◆ Activity
Line by line, please look for the word "Custom" in the following records, then copy each line you find it in.
--- Record extracts ---
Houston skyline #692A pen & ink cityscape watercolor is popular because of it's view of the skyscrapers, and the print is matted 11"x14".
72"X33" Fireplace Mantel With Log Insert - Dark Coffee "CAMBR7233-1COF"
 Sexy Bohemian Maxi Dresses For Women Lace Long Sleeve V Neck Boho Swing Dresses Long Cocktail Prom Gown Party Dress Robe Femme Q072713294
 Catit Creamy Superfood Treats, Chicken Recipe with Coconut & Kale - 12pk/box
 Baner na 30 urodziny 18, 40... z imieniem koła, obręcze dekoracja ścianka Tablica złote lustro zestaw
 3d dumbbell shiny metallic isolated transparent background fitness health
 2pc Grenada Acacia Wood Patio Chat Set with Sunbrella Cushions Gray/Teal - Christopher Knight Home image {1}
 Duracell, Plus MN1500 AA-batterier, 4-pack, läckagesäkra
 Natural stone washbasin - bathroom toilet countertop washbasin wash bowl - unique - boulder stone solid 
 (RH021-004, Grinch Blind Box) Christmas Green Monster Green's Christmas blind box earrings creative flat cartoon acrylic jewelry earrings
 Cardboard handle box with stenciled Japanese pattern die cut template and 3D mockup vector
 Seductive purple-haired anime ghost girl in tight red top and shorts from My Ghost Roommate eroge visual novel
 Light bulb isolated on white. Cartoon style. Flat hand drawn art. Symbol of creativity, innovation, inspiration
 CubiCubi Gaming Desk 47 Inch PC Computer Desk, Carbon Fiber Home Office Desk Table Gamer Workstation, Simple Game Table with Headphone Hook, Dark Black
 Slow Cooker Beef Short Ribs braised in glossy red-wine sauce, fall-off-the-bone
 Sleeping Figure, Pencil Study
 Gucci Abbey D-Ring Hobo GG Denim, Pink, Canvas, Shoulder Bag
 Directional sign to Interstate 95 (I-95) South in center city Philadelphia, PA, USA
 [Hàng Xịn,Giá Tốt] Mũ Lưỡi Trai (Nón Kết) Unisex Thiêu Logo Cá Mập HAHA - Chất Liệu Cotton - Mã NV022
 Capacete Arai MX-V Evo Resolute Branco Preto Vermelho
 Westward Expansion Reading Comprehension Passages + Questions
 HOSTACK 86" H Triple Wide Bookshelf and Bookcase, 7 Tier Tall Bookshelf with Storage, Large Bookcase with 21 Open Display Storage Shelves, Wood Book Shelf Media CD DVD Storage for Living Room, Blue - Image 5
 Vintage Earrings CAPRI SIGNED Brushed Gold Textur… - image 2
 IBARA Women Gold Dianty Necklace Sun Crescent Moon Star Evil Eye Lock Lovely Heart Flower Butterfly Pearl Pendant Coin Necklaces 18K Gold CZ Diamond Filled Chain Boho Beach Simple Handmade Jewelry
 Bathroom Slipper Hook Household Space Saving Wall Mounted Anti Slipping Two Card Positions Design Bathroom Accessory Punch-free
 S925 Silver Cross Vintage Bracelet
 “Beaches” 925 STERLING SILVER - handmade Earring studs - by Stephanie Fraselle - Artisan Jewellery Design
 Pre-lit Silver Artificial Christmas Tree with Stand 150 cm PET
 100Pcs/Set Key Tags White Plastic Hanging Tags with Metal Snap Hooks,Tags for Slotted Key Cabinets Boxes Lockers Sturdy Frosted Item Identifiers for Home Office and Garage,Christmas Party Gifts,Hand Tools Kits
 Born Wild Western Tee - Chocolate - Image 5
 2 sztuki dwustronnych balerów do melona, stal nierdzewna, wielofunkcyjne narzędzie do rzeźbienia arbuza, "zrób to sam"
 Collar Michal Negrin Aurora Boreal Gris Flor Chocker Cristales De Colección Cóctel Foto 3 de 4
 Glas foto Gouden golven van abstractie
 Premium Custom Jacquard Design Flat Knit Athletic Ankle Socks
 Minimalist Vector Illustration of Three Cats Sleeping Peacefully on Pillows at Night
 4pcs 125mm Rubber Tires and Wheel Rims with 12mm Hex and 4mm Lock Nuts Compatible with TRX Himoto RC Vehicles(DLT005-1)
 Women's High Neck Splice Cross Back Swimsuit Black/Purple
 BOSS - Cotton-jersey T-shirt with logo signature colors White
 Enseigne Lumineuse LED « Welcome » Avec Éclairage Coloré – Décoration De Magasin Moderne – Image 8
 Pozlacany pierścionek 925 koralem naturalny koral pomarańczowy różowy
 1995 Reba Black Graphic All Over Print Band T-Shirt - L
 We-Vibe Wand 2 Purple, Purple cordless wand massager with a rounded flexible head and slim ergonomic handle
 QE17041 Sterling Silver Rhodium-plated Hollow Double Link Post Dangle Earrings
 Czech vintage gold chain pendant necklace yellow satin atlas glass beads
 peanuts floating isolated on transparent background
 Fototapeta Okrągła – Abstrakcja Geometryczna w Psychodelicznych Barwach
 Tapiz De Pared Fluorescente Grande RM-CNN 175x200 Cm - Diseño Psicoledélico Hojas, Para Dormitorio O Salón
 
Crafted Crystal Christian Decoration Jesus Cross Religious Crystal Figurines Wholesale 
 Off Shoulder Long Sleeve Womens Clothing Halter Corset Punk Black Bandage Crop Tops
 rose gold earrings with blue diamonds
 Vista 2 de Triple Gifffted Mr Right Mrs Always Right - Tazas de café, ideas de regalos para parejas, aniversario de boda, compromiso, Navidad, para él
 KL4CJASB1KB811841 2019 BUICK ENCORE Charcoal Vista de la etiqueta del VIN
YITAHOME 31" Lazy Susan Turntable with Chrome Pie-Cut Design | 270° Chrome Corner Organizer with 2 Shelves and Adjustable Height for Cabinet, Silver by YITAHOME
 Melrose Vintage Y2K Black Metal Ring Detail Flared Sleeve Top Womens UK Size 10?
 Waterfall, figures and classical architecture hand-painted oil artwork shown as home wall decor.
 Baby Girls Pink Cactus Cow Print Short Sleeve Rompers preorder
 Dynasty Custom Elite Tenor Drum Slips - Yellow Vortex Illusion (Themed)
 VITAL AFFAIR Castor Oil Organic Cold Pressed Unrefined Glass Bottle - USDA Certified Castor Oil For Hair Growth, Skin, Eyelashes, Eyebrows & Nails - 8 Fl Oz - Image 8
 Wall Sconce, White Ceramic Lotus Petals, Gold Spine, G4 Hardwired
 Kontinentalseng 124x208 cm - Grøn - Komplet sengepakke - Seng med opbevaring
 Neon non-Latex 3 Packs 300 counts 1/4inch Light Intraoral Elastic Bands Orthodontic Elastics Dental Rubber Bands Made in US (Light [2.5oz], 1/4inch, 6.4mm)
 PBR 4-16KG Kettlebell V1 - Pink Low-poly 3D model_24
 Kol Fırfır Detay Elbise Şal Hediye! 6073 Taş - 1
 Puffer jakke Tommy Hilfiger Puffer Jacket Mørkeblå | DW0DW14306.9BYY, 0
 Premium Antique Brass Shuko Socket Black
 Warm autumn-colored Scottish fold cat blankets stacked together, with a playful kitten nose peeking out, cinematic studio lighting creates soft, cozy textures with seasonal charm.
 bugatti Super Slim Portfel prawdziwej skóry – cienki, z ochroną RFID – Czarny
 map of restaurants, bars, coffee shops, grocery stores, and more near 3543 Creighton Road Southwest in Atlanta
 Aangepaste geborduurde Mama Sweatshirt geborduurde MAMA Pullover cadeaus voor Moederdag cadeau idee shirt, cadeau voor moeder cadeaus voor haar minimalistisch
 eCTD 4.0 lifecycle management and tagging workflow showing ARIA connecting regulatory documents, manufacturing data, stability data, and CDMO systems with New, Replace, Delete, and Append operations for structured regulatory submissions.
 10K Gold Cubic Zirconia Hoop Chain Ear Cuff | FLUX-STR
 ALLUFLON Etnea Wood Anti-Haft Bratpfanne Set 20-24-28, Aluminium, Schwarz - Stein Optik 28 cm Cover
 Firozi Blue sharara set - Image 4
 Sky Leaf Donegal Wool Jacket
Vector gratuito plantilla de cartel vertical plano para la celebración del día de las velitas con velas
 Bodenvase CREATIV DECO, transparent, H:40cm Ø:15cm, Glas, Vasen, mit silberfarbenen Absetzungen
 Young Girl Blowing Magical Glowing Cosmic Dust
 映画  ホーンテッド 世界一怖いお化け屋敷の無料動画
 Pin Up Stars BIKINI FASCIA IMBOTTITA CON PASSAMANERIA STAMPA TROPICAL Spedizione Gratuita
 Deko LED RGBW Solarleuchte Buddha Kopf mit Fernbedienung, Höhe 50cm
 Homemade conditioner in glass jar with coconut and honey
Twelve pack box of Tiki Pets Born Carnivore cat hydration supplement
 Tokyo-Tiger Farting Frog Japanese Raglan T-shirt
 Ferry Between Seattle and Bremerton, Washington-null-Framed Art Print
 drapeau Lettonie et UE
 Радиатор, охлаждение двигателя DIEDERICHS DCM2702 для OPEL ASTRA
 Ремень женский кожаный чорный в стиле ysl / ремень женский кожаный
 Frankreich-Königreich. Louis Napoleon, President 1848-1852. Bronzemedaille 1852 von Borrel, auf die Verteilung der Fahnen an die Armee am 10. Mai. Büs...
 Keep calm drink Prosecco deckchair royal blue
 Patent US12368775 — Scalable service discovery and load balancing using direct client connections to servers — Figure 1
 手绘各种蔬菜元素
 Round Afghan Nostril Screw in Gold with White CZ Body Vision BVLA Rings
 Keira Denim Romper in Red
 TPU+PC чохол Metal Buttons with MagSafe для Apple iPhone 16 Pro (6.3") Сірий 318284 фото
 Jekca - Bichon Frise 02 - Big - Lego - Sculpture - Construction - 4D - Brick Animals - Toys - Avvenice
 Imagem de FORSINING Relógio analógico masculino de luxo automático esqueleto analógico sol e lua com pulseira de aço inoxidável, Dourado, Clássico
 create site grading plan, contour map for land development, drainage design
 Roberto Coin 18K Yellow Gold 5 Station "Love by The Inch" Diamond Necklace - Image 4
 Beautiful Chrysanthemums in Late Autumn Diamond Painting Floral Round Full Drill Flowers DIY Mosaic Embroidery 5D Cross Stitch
---
◆ Output for this task
 Premium Custom Jacquard Design Flat Knit Athletic Ankle Socks
 Dynasty Custom Elite Tenor Drum Slips - Yellow Vortex Illusion (Themed)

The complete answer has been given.